OO Design question for Net::HTTP caching extension

A

Aredridel

I'm in the process of writing an HTTP-1.1 extension to Net::HTTP. At
the moment, I'm replacing Net::HTTP#get with a version that will check
for a valid cache entry and return that instead of the fresh result, and
the original, uncached functionality is in #get_fresh

At the moment, I've made the cache per-class: A single class variable
for the cache, something like Net::HTTP.cache = new Net::HTTPCache, then
the new functionality starts.

Is this sane? Should it be an instance variable instead of a class
variable? Is there a more orthagonal way to do this?

Ari
 
B

Brian Candler

I'm in the process of writing an HTTP-1.1 extension to Net::HTTP. At
the moment, I'm replacing Net::HTTP#get with a version that will check
for a valid cache entry and return that instead of the fresh result, and
the original, uncached functionality is in #get_fresh

At the moment, I've made the cache per-class: A single class variable
for the cache, something like Net::HTTP.cache = new Net::HTTPCache, then
the new functionality starts.

Is this sane? Should it be an instance variable instead of a class
variable? Is there a more orthagonal way to do this?

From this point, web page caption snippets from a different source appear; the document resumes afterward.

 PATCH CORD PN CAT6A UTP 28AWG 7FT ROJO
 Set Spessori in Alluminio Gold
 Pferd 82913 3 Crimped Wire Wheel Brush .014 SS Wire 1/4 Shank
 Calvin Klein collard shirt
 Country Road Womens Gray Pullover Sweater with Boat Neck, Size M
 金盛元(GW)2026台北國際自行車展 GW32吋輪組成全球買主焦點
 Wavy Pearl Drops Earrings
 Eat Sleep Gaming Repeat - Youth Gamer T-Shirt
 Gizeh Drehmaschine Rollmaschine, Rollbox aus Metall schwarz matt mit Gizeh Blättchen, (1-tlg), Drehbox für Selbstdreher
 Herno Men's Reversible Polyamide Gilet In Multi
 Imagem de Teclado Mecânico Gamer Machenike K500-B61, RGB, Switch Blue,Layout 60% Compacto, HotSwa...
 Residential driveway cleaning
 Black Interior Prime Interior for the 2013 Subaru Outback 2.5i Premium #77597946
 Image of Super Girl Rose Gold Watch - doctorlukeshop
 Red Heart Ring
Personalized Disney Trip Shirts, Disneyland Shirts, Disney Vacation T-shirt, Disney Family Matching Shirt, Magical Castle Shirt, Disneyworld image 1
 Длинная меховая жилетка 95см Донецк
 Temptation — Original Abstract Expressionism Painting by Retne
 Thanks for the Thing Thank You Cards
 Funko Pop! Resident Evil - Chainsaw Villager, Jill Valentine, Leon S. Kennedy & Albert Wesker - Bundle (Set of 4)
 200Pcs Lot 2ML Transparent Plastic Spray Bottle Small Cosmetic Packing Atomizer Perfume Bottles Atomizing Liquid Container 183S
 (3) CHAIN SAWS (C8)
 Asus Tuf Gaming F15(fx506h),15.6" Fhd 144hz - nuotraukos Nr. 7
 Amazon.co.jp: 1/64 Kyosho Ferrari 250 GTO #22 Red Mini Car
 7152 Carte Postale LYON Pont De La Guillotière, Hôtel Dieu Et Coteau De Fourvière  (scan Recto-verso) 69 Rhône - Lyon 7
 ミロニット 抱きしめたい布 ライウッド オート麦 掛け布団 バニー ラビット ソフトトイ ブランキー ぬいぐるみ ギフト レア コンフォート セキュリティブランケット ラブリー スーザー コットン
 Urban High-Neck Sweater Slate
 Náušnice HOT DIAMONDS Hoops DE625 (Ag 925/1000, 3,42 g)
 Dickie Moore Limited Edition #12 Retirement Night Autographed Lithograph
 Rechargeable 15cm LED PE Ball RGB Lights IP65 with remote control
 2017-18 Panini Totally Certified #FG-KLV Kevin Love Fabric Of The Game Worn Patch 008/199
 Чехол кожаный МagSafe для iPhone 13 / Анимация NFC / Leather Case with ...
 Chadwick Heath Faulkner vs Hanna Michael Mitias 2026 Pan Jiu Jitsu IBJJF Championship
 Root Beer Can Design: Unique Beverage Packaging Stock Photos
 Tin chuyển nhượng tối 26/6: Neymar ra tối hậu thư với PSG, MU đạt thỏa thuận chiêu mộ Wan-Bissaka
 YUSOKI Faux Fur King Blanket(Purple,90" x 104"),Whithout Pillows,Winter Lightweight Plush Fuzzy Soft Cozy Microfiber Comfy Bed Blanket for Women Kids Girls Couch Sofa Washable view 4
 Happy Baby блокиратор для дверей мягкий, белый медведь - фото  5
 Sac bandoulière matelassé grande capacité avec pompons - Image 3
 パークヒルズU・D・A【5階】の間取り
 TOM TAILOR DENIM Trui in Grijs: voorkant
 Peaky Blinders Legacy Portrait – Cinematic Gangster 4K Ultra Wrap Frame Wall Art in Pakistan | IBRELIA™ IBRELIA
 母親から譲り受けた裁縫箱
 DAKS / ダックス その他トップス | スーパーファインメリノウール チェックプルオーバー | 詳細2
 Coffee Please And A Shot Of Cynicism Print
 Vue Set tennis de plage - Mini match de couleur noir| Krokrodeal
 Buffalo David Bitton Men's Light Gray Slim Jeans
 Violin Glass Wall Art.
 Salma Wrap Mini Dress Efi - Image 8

One architectural suggestion: rather than extending/overriding Net::HTTP,
make your cache a separate object.

Then, Net::Cache#get can return an object from its cache (which is just an
instance variable of Net::Cache), and also contains instances of object(s)
which do the fetching from remote hosts when there is a cache miss.

I think there are a number of advantages in this approach:
- no messing with an existing foundation class
- the potential to have multiple methods for retrieving objects
(e.g. Net::FTP as well as Net::HTTP)
- a clear division of responsibility between the cache and the
object retrieval protocol

With some care, you should be able to make your cache thread-safe: if a
request for object X comes in while the cache is already fetching that
object, it could wait until the retrieval is complete. The cache can then
sit behind DRb, for example, so it can be accessed by multiple processes
simultaneously. Equally, if you get a request for object Y while a fetch for
object X is taking place, you can perform a parallel fetch in another
thread.

I think it would be much easier to deal with these sort of threading issues
when the cache is a separate object from the protocol.

In fact, I think I would break it up a bit more: have the raw cache as one
object (very simple: just 'put' and 'fetch' methods into a hash, but it has
its own semaphore for protecting concurrent accesses), and a cache manager
which takes the incoming 'get' requests, checks the cache, and if necessary
performs the actual fetch before returning the object.

Regards,

Brian.
 
A

Aredridel

One architectural suggestion: rather than extending/overriding Net::HTTP,
make your cache a separate object.

I'm intending to make the cache itself a separate object.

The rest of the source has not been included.